Even now, the signs of the damage are visible. Collapsed and abandoned buildings dot the small town. Some bear the signs of being shelled while others have bullet holes on their walls.

"It wouldn't be a lie if I told you that Zalambessa really looked like a field with just piles of stones. All you could see were rocks and dirt," Mr Kifle added

But life seems to be returning to normal following last moth's withdrawal of troops from disputed territories.
Families like Mr Kifle's, which had fled the conflict, have started to return to their homes.

When I met him, he was busy supervising the finishing touches in his project to rebuild his family home, which was destroyed at the height of the conflict.

He sensed a perfect business opportunity.

"Zalambessa is the last town before Eritrea and our Eritrean brothers are now coming and going every day. We might do our own business from the house or rent it out.

"Before, renovating a house in a town where not a single vehicle spent the night just wasn't worth it. Now is the time," Mr Kifle said enthusiastically.

Before last September, it was impossible to use the road linking Eritrea and Ethiopia that went through Zalambessa as it was completely closed off.

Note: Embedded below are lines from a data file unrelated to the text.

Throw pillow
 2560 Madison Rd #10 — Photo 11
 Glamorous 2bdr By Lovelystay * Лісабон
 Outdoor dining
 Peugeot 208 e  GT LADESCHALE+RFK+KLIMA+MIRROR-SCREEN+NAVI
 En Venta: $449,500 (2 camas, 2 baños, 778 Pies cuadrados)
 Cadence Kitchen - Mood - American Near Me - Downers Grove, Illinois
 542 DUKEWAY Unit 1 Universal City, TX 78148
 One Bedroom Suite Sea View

Huge boulders were across the road blocking access to the border area, but now lots of Eritrean cars are passing through.

There has been a dampener in recent weeks with moves that have brought confusion and uncertainty over the future of the open border crossings.

In a surprise decision, officials said those passing through the border should have prior authorisation from their respective countries.

Neither Ethiopia nor Eritrea have given a clear indication why the control measures were put in place but they are unlikely to snuff out the sense of optimism in the border towns.